Une des conclusions fortes du dossier climatique est que la température moyenne au niveau du sol va augmenter si la concentration de l’atmosphère en gaz à effet de serre augmente. Mais de combien ? On entend parler ici d’une fourchette de 1,5 à 6 °C à l’horizon du siècle, là d’une possibilité que cela gagne plus de 10°C « un jour », là encore que quoi que nous fassions nous allons connaître une hausse de température de 0,5 à 1 °C. Que signifient au juste ces chiffres, et de combien la planète pourrait s’échauffer?

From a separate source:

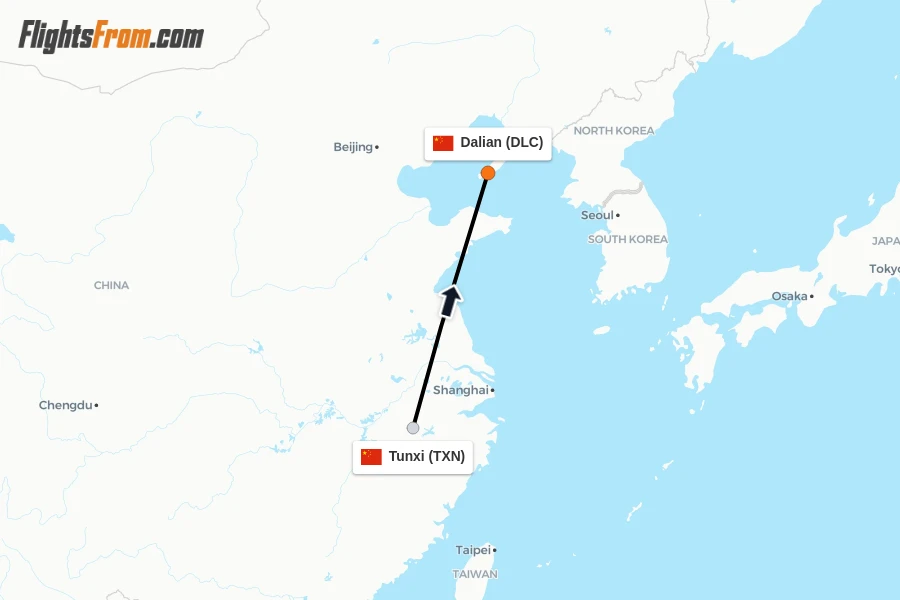 Flights from Tunxi to Dalian route map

La réponse est que… cela dépend. Cela dépend tout d’abord de ce que nous allons émettre comme gaz à effet de serre à l’avenir. En effet, une simulation climatique est en fait une fusée à 3 étages, dont la partie « climat » n’est que le troisième.
Schéma de principe d’une simulation climatique.
- La première étape est la définition d’hypothèses concernant la démographie, la consommation par personne, l’intensité énergétique de l’économie, la composition de l’énergie consommée, etc. Ces hypothèses conduisent à des scénarios d’émission (qui sont donc eux aussi des hypothèses) et qui définissent le niveau de perturbation apportée par l’homme au système climatique.
- La deuxième étape est le passage de ces scénarios d’émission à l’augmentation de la quantité de gaz à effet de serre dans l’atmosphère.
- C’est seulement au niveau de la troisième étape qu’intervient le modèle de climat proprement dit, qui va donner la modification du système climatique par rapport à son état « normal ». Notez enfin que, en retour, la modification du climat va agir sur la concentration en gaz à effet de serre (affaiblissement des puits) et sur les émissions, à travers les conséquences sur notre espèce. Le système est donc complètement asservi.
Par la force des choses, le résultat à l’arrivée dépend donc du scénario d’émission : cela n’a pas de sens de mentionner une élévation de température donnée sans faire référence au scénario d’émission qui va avec. C’est peut-être un peu compliqué, mais c’est comme cela !
Avec les modèles utilisés par les physiciens et les scénarios retenus la fourchette des « valeurs les plus probables » est alors de 2 à 4°C, en chiffres ronds, mais il faut bien comprendre ce que cela recouvre.
Prédictions de l’augmentation de la température moyenne de surface entre 1990 et 2100 selon les scénarios. Chaque scénario d’émission de gaz à effet de serre (désigné par un sigle : A1B, B1, etc) a une couleur différente et correspond à des hypothèses différentes.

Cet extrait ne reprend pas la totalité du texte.